A number of advanced features are available. We just briefly introduce these here by a quick example where we refine the extracted solution using a couple of Newton steps on an algebraic systems defining the global solutions given the optimal moment matrices, and change the numerical tolerance in the extraction algorithm. Finally, we calculate some different global solutions using the optimal moment matrices. Please check the moment relaxation example in yalmipdemo for details.

sdpvar x1 x2
obj = -x1^2-x2^2;
F = set([1-4*x1*x2 x1;x1 4-x1^2-x2^2]);
ops = sdpsettings('moment.refine',5','moment.rceftol',1e-8);
[sol,xe,data] = solvemoment(F,obj,ops);
xopt1 = extractsolution(data,sdpsettings('moment.refine',0));
xopt2 = extractsolution(data,sdpsettings('moment.refine',1));
xopt3 = extractsolution(data,sdpsettings('moment.refine',10));
xopt4 = extractsolution(data,sdpsettings('moment.rceftol',1e-3,'moment.refine',5));

The moment relaxation solver can also be called using a more standard YALMIP notation, by simply defining the solver as 'moment'.

sdpvar x1 x2
obj = -x1^2-x2^2;
F = set([1-4*x1*x2 x1;x1 4-x1^2-x2^2]);
sol = solvesdp(F,obj,sdpsettings('solver','moment','moment.order',2));
assign(sol.momentdata.x,sol.xoptimal{1});
double(obj)
ans =
   -4.00003
checkset(F)
++++++++++++++++++++++++++++++++++++++++++++++++++++++++++++++
|   ID|      Constraint|              Type|   Primal residual|
++++++++++++++++++++++++++++++++++++++++++++++++++++++++++++++
|   #1|   Numeric value|   LMI (quadratic)|       -0.00034633|
++++++++++++++++++++++++++++++++++++++++++++++++++++++++++++++

The semidefinite programs rapidly grows when the number of variables and the polynomial degree increase, so be careful when you model your problem.

The two most useful practical tips when working semidefinite relaxations seem to be to de-symmetrize your objective function, and compactify your feasible region.
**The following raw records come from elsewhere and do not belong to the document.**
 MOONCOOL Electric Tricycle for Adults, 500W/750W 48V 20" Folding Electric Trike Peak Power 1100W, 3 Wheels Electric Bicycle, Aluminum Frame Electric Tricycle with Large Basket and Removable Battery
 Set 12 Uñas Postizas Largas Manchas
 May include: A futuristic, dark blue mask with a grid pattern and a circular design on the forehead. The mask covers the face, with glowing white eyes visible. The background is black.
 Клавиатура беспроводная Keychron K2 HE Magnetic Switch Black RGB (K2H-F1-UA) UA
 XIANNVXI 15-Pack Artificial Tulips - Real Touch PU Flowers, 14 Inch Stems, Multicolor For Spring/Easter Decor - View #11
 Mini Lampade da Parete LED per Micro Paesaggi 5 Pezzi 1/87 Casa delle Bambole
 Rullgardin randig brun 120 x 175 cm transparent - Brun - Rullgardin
These two tricks typically increase the likelihood that you will be able to extract global solutions. By adding a perturbation to the polynomial, symmetry is lost, which generically means that there will not be infinitely many optima, and the extraction algorithm is more likely to work. Most theory in moment relaxations assumes that the feasible set is compact, and this is also affecting practical performance. By adding redundant compactifying constraints, you typically increase the likelihood of success. As an example, a simple redundant constraint which often work well in practice is an upper bound on the objective function based on a known feasible sub-optimal solution.